Выбрать главу

She was wearing a specially made, skin-tight, nipple-pointing, ass-clinging, no-underwear number in the red and yellow stripes of the Catalan flag. Small wonder Everett was jealous, yet, I reminded myself, it was he who allowed his wife to appear in public dressed like that. As she approached the ring, I looked down at Liam Matthews, at the commentator’s table. He was gazing at her with a look of undisguised lust. . but then so was every other man at ringside.

And then the roof rose a couple of feet in the air, before settling back into position. There was no aerial entrance for Daze this time, since the structure of the arena ruled it out. Instead his music played and he marched slowly down the ramp in his ring suit and cape, looking like a small — no, medium-sized — army under a single red spotlight. Reaching the ring, he disdained the steps, leaping instead from a standing position up onto the surround, then stepping over the top rope. Arms raised high, he circled, facing each quadrant of the screaming audience in turn, as a pattern of sharp red and yellow laser beams flickered across his body, creating a flame effect.

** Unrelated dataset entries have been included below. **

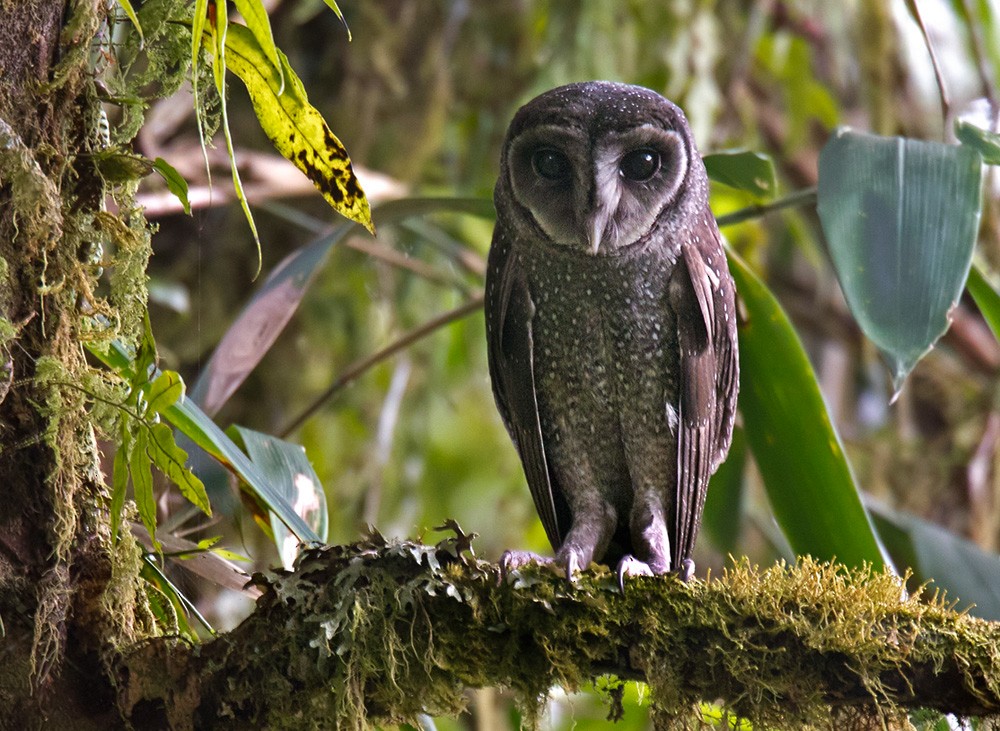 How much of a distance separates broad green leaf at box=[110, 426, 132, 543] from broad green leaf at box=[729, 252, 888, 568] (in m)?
1.25

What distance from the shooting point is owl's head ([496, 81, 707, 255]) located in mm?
2268

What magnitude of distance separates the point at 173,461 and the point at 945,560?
1648mm

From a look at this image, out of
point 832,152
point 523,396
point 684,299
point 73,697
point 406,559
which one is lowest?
point 73,697

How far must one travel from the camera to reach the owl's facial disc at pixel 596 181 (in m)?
2.27

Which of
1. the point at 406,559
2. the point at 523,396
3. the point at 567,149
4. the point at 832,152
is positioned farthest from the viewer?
the point at 523,396

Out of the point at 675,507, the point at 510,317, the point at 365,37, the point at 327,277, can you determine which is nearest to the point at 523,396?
the point at 510,317

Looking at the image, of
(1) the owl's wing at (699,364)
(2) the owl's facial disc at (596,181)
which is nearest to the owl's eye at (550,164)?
(2) the owl's facial disc at (596,181)

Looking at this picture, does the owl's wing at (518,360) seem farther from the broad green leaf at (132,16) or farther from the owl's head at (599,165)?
the broad green leaf at (132,16)

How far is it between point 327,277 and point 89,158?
2624 millimetres

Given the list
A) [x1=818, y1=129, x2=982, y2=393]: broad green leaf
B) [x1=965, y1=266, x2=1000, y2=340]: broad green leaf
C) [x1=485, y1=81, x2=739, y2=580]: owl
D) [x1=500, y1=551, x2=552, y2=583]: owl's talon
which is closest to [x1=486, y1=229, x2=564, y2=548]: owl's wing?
[x1=485, y1=81, x2=739, y2=580]: owl

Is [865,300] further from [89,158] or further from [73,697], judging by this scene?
[73,697]

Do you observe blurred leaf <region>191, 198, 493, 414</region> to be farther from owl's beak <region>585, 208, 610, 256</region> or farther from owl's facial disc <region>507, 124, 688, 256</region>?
owl's beak <region>585, 208, 610, 256</region>

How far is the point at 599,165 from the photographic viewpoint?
226cm

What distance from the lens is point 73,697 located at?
1529 millimetres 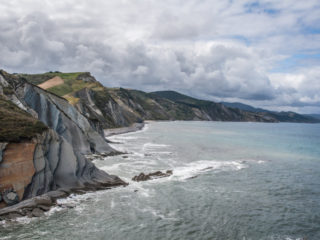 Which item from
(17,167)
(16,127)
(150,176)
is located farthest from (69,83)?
(17,167)

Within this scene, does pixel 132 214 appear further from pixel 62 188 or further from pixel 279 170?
pixel 279 170

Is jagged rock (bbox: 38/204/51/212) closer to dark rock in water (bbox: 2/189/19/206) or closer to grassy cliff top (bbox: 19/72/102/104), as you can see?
dark rock in water (bbox: 2/189/19/206)

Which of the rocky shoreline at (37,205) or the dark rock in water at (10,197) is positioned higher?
the dark rock in water at (10,197)

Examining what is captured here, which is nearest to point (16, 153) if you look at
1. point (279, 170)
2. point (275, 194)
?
point (275, 194)

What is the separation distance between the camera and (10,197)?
20.6 meters

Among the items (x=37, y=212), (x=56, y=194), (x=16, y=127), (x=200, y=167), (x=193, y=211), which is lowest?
(x=193, y=211)

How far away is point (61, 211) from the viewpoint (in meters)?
21.1

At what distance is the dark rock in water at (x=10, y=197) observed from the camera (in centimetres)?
2036

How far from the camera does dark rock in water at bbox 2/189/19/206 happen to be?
20.4 metres

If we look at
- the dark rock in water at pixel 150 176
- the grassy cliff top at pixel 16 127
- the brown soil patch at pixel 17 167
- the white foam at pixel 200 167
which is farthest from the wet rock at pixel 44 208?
the white foam at pixel 200 167

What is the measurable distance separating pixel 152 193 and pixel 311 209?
14778mm

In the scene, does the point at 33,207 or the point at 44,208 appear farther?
the point at 44,208

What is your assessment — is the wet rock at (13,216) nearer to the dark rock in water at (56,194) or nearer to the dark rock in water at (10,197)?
the dark rock in water at (10,197)

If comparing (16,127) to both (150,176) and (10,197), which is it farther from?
(150,176) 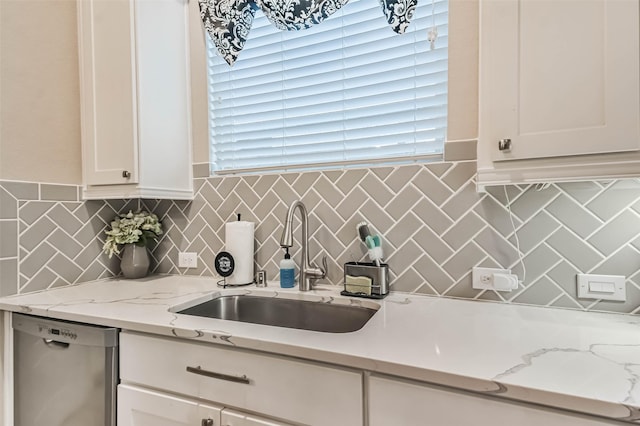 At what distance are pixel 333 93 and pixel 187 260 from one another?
1.13 meters

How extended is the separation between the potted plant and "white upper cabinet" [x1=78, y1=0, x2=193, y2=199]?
0.65 ft

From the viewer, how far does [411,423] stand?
0.82 metres

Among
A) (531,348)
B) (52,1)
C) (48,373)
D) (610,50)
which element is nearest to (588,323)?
(531,348)

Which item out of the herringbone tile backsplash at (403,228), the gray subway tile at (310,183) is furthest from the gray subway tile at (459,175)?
the gray subway tile at (310,183)

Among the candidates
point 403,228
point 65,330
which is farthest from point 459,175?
point 65,330

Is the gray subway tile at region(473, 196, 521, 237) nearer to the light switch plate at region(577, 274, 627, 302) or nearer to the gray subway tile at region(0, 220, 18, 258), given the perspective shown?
the light switch plate at region(577, 274, 627, 302)

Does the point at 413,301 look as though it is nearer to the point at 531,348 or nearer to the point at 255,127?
the point at 531,348

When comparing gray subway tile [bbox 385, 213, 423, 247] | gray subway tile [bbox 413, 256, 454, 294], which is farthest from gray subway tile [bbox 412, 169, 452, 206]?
gray subway tile [bbox 413, 256, 454, 294]

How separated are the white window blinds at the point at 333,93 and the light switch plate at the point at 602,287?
68 cm

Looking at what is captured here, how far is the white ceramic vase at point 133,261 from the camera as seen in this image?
1803 millimetres

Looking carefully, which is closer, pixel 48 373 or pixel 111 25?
pixel 48 373

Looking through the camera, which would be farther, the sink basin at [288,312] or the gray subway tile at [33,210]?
the gray subway tile at [33,210]

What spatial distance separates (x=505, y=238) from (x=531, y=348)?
50 centimetres

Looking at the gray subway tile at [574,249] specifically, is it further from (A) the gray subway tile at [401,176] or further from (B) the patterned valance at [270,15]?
(B) the patterned valance at [270,15] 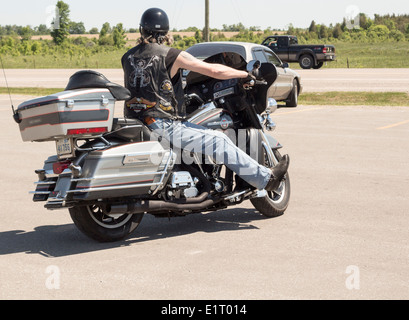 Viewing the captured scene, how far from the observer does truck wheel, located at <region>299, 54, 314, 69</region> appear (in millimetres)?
40906

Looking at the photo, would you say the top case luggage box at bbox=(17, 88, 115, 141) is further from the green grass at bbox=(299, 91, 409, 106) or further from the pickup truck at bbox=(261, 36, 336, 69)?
the pickup truck at bbox=(261, 36, 336, 69)

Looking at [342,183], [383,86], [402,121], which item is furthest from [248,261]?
[383,86]

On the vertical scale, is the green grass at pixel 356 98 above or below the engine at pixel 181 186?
below

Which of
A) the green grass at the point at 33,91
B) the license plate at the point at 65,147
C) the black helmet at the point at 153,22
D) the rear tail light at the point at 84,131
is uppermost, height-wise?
the black helmet at the point at 153,22

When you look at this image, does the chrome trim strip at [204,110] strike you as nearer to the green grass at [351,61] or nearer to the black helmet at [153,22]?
the black helmet at [153,22]

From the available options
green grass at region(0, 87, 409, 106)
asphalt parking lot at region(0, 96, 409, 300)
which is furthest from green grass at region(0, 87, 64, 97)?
asphalt parking lot at region(0, 96, 409, 300)

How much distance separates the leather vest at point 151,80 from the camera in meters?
6.10

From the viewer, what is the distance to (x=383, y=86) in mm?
26094

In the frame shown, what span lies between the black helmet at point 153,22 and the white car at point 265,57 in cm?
1054

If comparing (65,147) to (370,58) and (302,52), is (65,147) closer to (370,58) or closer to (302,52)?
(302,52)

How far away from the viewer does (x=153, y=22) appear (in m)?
6.12

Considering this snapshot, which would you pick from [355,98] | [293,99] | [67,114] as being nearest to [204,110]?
[67,114]

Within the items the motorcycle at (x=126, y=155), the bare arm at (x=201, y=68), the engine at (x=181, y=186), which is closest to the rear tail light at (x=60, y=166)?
the motorcycle at (x=126, y=155)

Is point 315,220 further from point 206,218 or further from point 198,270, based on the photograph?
point 198,270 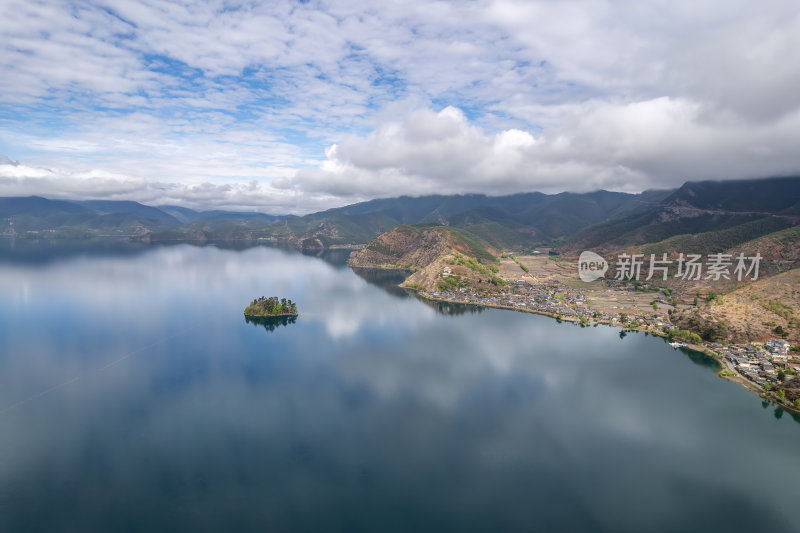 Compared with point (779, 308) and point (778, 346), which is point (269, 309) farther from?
point (779, 308)

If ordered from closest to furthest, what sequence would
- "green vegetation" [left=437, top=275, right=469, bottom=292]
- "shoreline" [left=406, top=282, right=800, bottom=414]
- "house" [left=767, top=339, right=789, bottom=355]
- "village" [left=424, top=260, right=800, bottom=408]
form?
"shoreline" [left=406, top=282, right=800, bottom=414] < "village" [left=424, top=260, right=800, bottom=408] < "house" [left=767, top=339, right=789, bottom=355] < "green vegetation" [left=437, top=275, right=469, bottom=292]

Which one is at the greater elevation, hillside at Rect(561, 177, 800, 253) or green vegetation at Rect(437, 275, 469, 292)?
hillside at Rect(561, 177, 800, 253)

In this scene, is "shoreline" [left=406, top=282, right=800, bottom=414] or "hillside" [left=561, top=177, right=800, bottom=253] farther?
"hillside" [left=561, top=177, right=800, bottom=253]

The television lights were still coming up, and I was barely out of the ring before Jerry hit him with a spearing shoulder-first football tackle, just above the right hip but below the ribcage, bearing him across the ring and into the ropes. But as they were catapulted back, by their own weight and momentum, Daze caught the top strand, steadying himself as Jerry went flying across the ring to the ropes on the other side. The force of his impact sent Tommy Rockette, who had been standing on the apron holding the tag rope, crashing down on to the floor beside my table, and rebounded The Behemoth back towards the centre.

The black giant caught him in mid-ring, all close on four hundred pounds of him, swept him off his feet and round into a power-slam which sounded like the collapse of a large building. The referee knelt beside them and began to count; ‘One,’ pause ‘Two’. Theatrically, he mouthed the third and winning call, but the sound died in his throat as Jerry thrust his right shoulder off the canvas.

Daze jumped to his feet, hauling The Behemoth upright after him and pushed him into the ropes once again, as if to set him up for another slam. This time, though, it was Jerry who used the top strand as a brake. He grabbed his opponent’s arm and made to hurl him into the corner, but the big man simply braced himself, reversed the hold and sent him, instead, flying backwards with impossible speed into the corner of the ring.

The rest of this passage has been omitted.